Cotton bud and a little surgical spirit rubbing gently, be very careful not to rub to hard as it will start to remove the paint also. I've used this on numerous renumbering projects. If your still unsure try it on an old body first to perfect your techniques. TDR

Posted
It was actually still in stock online and still is, they emailed me saying that sometimes during stock shifts between stores it can cause items to appear out of stock for a few hours and then they come back up on the system. Managed to order another one during the week myself.

 

Hopefully this sale will move things along for the next models and not too much of a financial hit is moving up the chain.
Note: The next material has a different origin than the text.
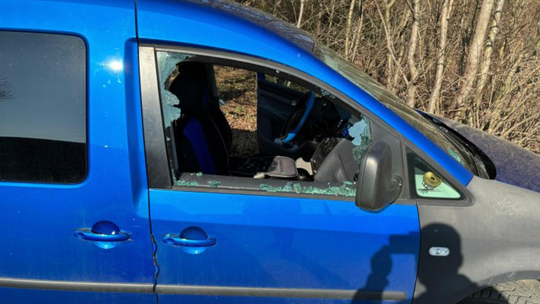 Bogatynia: 31 i 34-latek zatrzymani za włamanie do samochodu Bogatynia: 31 i 34-latek zatrzymani za włamanie do samochodu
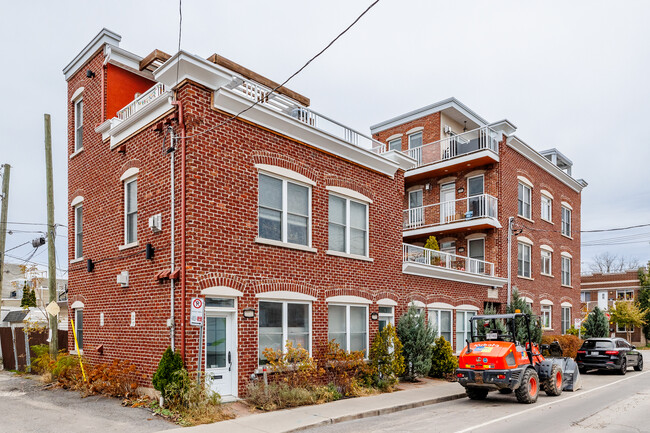 3899 Rue in Verdun, QC - Building Photo - Building Photo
THat's the second time in several days. It's still there but there may not be a third restock. If you really want it, I'd BIN!

Posted
How hard is it to remove numbers from Murphy locos for a renumbering project?

 

I've read on here somewhere that a little nail varnish remover do's the trick, again as said with cotton buds

Posted
Cotton bud and a little surgical spirit rubbing gently, be very careful not to rub to hard as it will start to remove the paint also. I've used this on numerous renumbering projects. If your still unsure try it on an old body first to perfect your techniques. TDR

 

How does one put the replacement numbers on? Hand paint, spray paint with stencil, or use transfers? If the last two where can they be sourced?

Posted (edited)
How does one put the replacement numbers on? Hand paint, spray paint with stencil, or use transfers? If the last two where can they be sourced?

 

These guys do everything number and logo wise.

 

http://www.studio-scale-models.com/Transfers.shtml

 

Up to date with the latest numbers so as new slate grey 117s roll out for real these guys can have the full EVN numbers ready to go, just drop them a mail.

Edited by Railer
Posted
How does one put the replacement numbers on? Hand paint, spray paint with stencil, or use transfers? If the last two where can they be sourced?

 

Noel, Studio Scale Models or RailtecTransfers both supply the transfers. Links to their sites are on the bottom of the main IRM page under Manufacture tab.TDR

Posted
Noel, Studio Scale Models or RailtecTransfers both supply the transfers. Links to their sites are on the bottom of the main IRM page under Manufacture tab.TDR

 

These guys do everything number and logo wise.

 

http://www.studio-scale-models.com/Transfers.shtml

 

Up to date with the latest numbers so as new slate grey 117s roll out for real these guys can have the full EVN numbers ready to go, just drop them a mail.

 

Thanks Guys. I'm just not sure which is the most successful or preferred DIY method: "Hand paint, paint with stencil, or transfers?" especially with early black livery 141s (e.g. B141). I didn't see any transfers on SSMs web site for the black baby GMs with the 'B' prefix. The factory numbering looks like paint rather than transfers.

Posted

I think 99% of repaints are done with decals. However, the varnish and other mediums you use before, during and after applying the decal will have a huge affect on the end result.